[Items from a data source]
- Opening Delimiter -

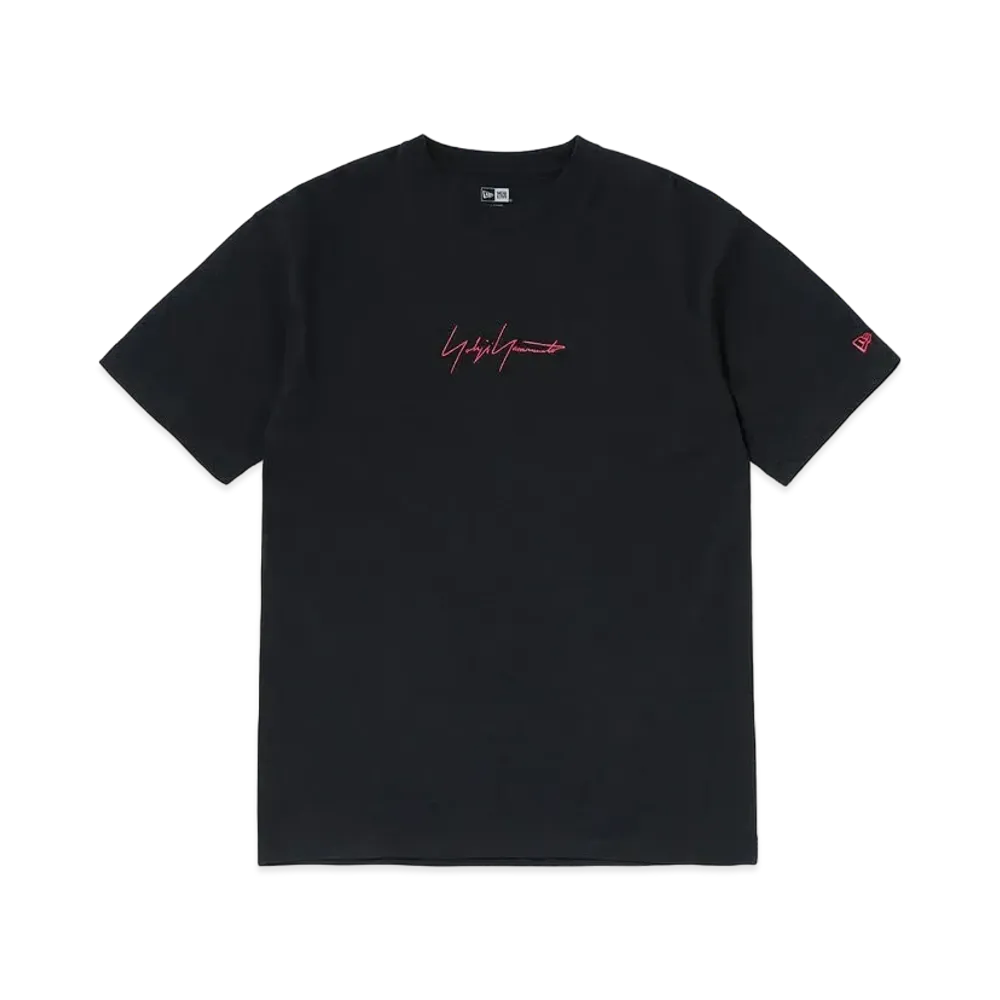 Yohji Yamamoto Pour Homme NEW ERA METALLIC RED SIGNATURE SS TEE "Black"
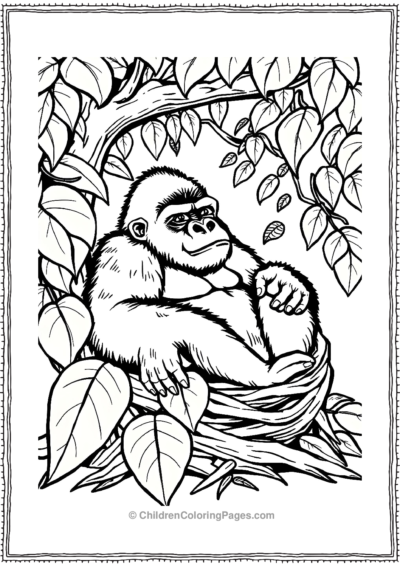 Gorilla-Laying-In-A-Leafy-Nest Free PDF Printable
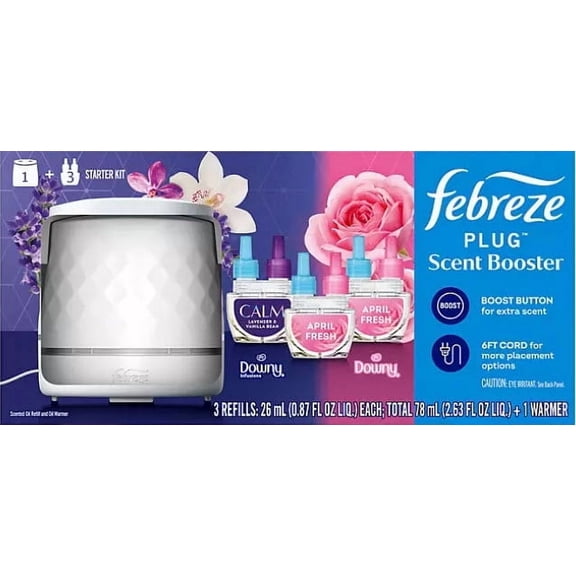Febreze PLUG Scent Booster Kit, CALM Lavender + Vanilla Bean and April Fresh, 1 Device + 3 Refills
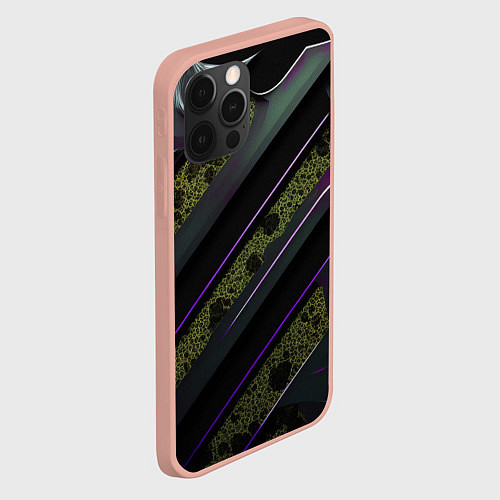 Чехол iPhone 12 Pro Max Фиолетовые и зеленые вставки / 3D-Светло-розовый – фото 2
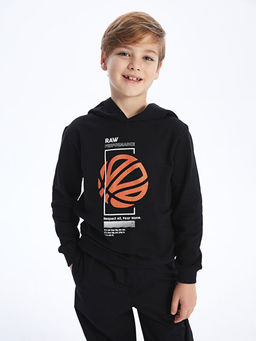 Bask?l? Uzun Kollu Erkek ?ocuk Hoodie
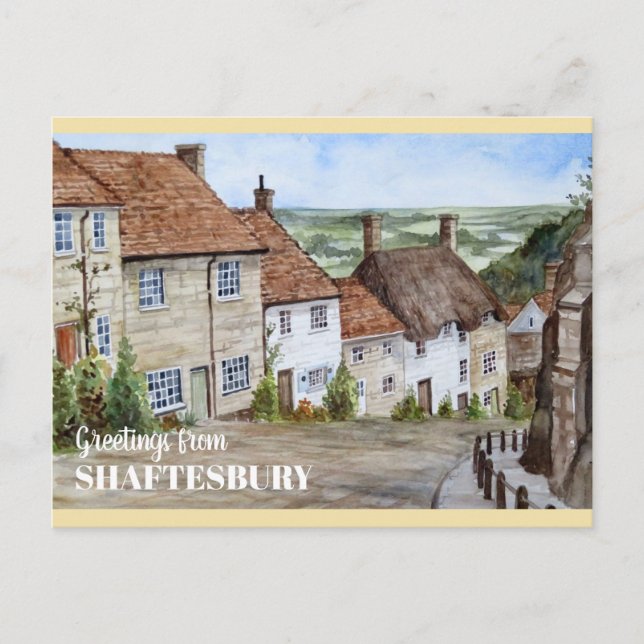 Guld Backe, Shaftesbury, Dorset Watercolor Paintin Vykort (Framsida)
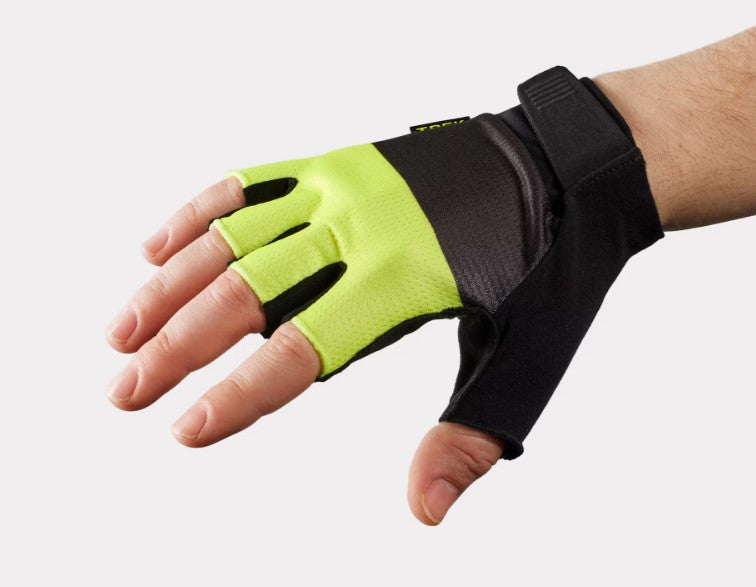 Black and neon green Trek Circuit Twin Gel half-finger glove on a white background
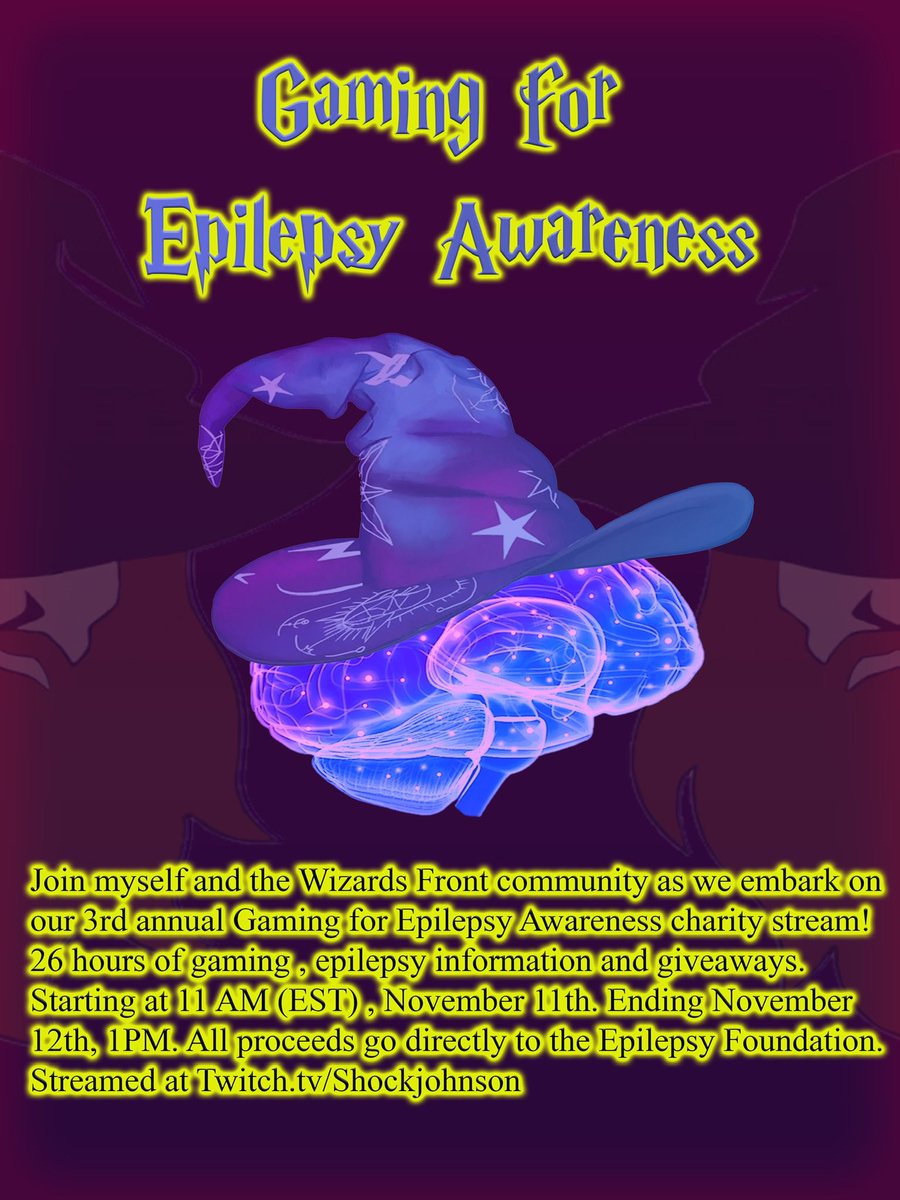TheShockjohnson's tweet photo. We are about a month away from the third annual GFEA charity stream! All proceeds go to the Epilepsy Foundation! Joined by Twikles, Flinthoof, @phantasm_DJ and @bigb0ssman52  #epilepsy https://t.co/0hlcxjhiEX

- Closing Delimiter -

**WHAT TO PRODUCE**
Though the entries above contain pictures, none should be copied; reproduce only the lines between the one holding "Febreze PLUG Scent" and the one holding "Black and neon", inclusive, exactly as written.

**YOUR RESPONSE**
Febreze PLUG Scent Booster Kit, CALM Lavender + Vanilla Bean and April Fresh, 1 Device + 3 Refills
 Чехол iPhone 12 Pro Max Фиолетовые и зеленые вставки / 3D-Светло-розовый – фото 2
 Bask?l? Uzun Kollu Erkek ?ocuk Hoodie
 Guld Backe, Shaftesbury, Dorset Watercolor Paintin Vykort (Framsida)
 Black and neon green Trek Circuit Twin Gel half-finger glove on a white background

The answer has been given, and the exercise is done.